The Conservatives are proposing a radical reform of education and a radical reform of welfare. On education, they are proposing the Swedish system, which allows almost anyone to open a school and get government money. On welfare they are proposing some sort of move towards limiting open-ended benefits. And they are, nod, nod, wink, wink, proposing more spending cuts and fewer tax increases in their program to reduce the deficit, running at 12 percent of GDP.
Tory leader David Cameron has made a determined move towards the center, trying to woo the voters of the center party, the Lib-Dems. They call it "love-bombing." But what happens? The Lib-Dem leader, Nick Clegg, makes a big impression in the first televised debate between the party leaders (the first ever in Britain) and all the young voters swoon.

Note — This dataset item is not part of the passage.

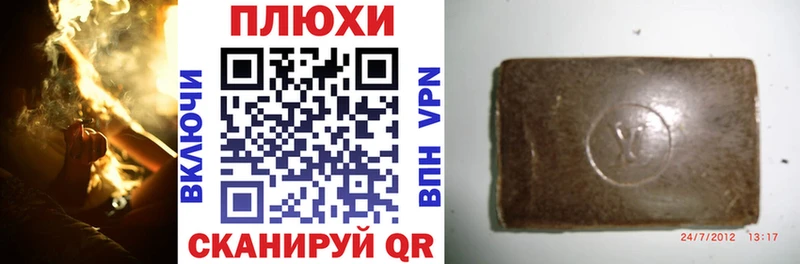 Гашиш убойный Гусиноозёрск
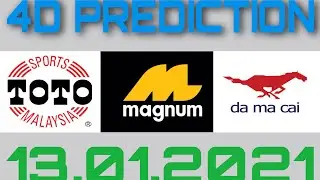 13.01.2021 | KUDA,TOTO,MAGNUM & SPECIAL HOT NUMBER&rsquo;S | KTM 4D PREDICTION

Finally, the London Economist gives Cameron a luke-warm endorsement:
According to the magazine’s lead editorial, the Tory leader is “much closer to answering the main question facing Britain than either of his rivals is. In this complicated, perhaps inevitably imperfect election, he would get our vote.”
Well, that's nice.
The problem the Tories face in Britain is in the numbers. There is a left-liberal party, the Labour Party, a center-left party, the Lib-Dems, and only one major center-right party, the Conservatives. Yet right now the Conservatives, in the lead, are struggling to rise above 35 percent in the polls. The fact is that, unlike the US, Britain is a center-left country. People just expect, as a matter of course, that the government provides unlimited public services. Any proposal to reduce spending is scorned as "Tory cuts," proof that the Conservative Party is the "nasty party."

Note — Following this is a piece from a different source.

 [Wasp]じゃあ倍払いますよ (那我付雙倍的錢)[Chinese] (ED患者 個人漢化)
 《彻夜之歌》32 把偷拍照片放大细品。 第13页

Many Conservative supporters in Britain are complaining that Cameron has gone too far left. But what is he to do? If he stays right, then he can't pick up the precious people that vote for the Lib Dems. If he goes left then he risks losing voters to the anti-EC party, the UKIP. He's obviously made the judgment that the best strategy is to move left.

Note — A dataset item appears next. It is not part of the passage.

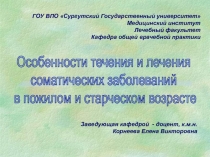 ГОУ ВПО Сургутский Государственный университет
Медицинский институт
Лечебный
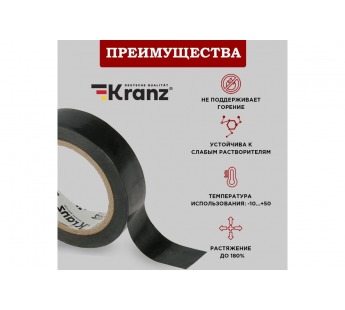 Изолента ПВХ 0,13х19 мм, 25 м, черная KRANZ#1981789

You can see the Conservative problem best by comparing Britain with the US. Here in the US we have a vibrant conservative movement that provides the energy for talk radio, Fox News, the conservative blogosphere, and a conservative Republican Party. And on top of that the movement just budded like a hydra, and produced the Tea Party. All this grass-roots and intellectual ferment keeps the Republican Party tethered to the right. It cannot move too far to the center, which you might call the easy, RINO option. It must persuade independents and moderates to move to the right.
In Britain, nada. No conservative movement. No Tea Party. What can a conservative politician expect to achieve without grass-roots enthusiasm?
On top of that, it turns out that for the US, there is a God in Heaven, and presto, we have a president who is playing John Wayne in a 21st century Western, and driving all them moderate dogies right onto the conservative range.
Pity the poor Tories in Britain. They just can't seem to get a break.